What we found was that....

If ISP1 has 100mb, and ISP2 has a 100mb, and ISP1 goes down and routes 
backup to ISP2, ISP2's customers now get performance degregation and network 
congestions, at the expense of ISP1.
ISP2 looses customers and gains bad will far more expensive than just the 
backup bandwidth savings.  And then of course there was a cost to connect 
one WISP to the other, where sometimes the transport is more expensive than 
the transit (even if wireless).

I think there are three other options that help make a bandwdith sharing 
relationship work with another WISP.

1) Have 3 circuits total, and Share costs on the third backup connection. 
Each WISPA has their own primary connection, and then either can fail over 
to the shared backup connection.  It being rare that both providers would 
fail at the same time with full traffic load.

2) ISP2 Upgrades to faster speeds, where there is a cost savings per MB, 
because there was a higher commit. Now ISP2 has excess capacity. ISP1 helps 
cover a percentage of the cost of ISP2's increased cost bandwidth.

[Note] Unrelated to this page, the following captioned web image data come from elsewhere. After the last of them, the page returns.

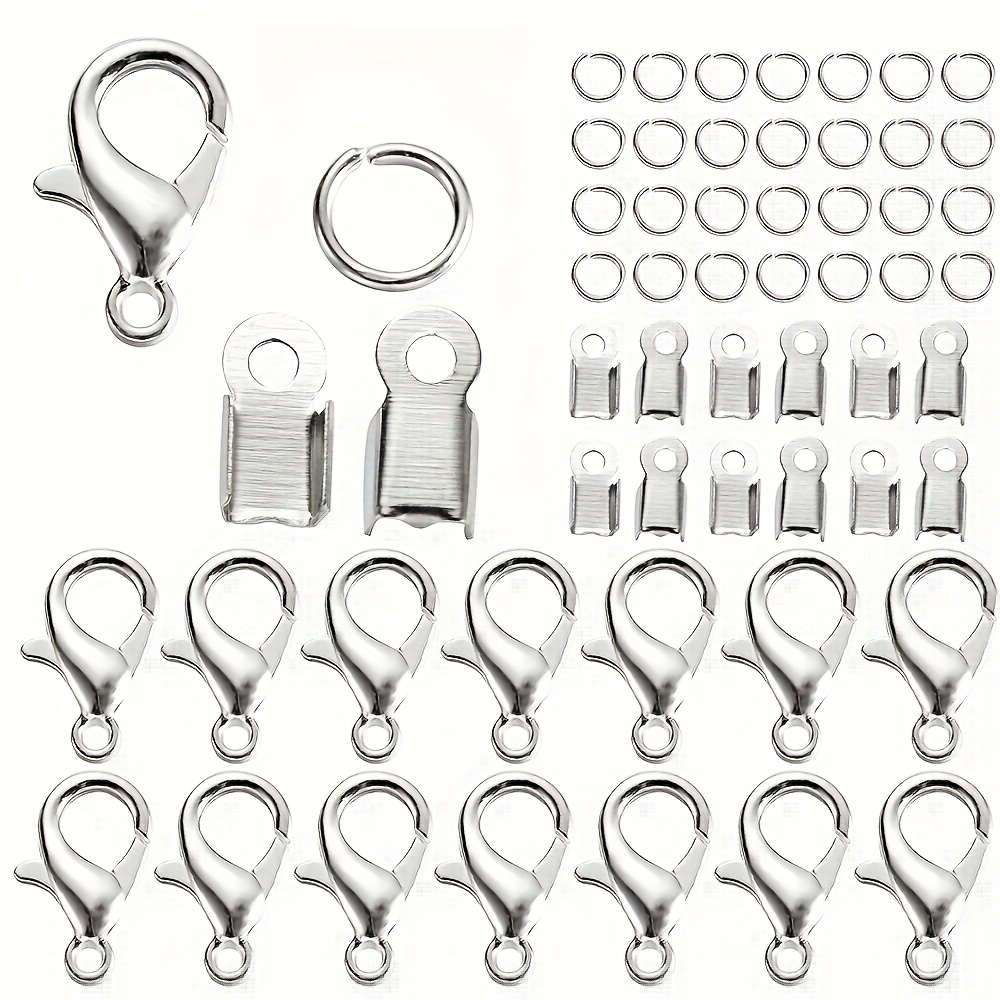 80pcs/set Lobster Clasp Jump Rings Leather Fold Crimp Connectors For Bracelet Necklace Jewelry Making Supplies
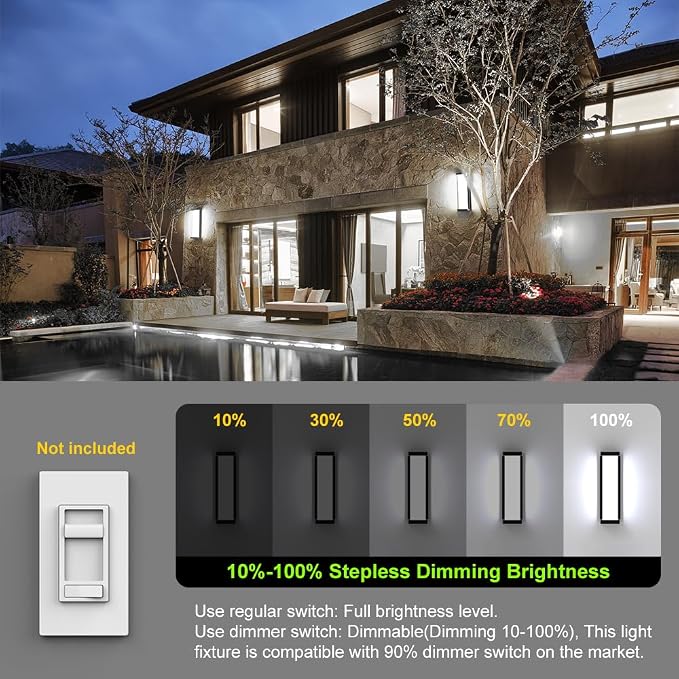 10%-100% Dimming LED Modern Outdoor Wall Light, 16in 6000K Dimmable Porch & Patio Wall Light Fixture,Black Aluminum&Dual PC Wall Lights Suitable for Garage Living Room Courtyard House(6000K)
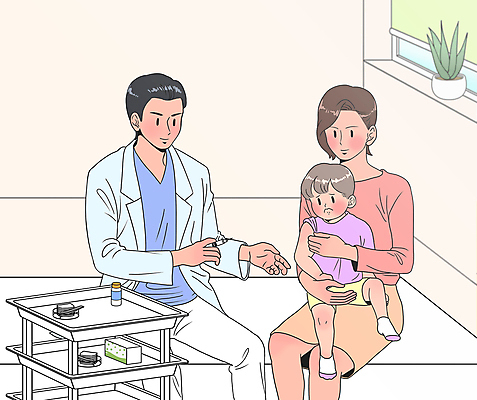 전신 PSD 여자 남자 화분 어린이 일러스트 안기 주사기 앉기 소년 상반신 성인 세명 수레 진료 찡그림 무서움 소아과 소아과의사 예방주사 어린이병원 국내일러스트 모자관계 감정 아들 의학 가족 의료기기 모션 엄마 표정 병원 사람 카트 의사 예방 파일형식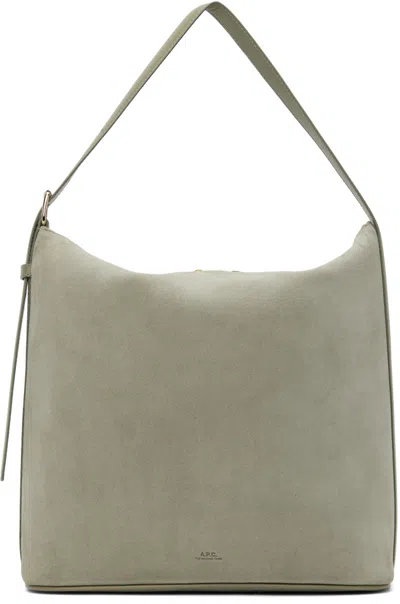 Apc Khaki Vera Tote In Kaw Green Taupe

Everyone 
wins because there is bandwidth to spare, and lower cost per mb is acheived 
for being better positioned to compete.

3) ISP1 uses provider A, ISP2 uses provider B, both ISPs buy more bandwdith 
than they need so there is excess capacity, then two WISPs become backup for 
each other. Again, also increases value of carrier diversity, possibly 
allowing better pricing for increased volume.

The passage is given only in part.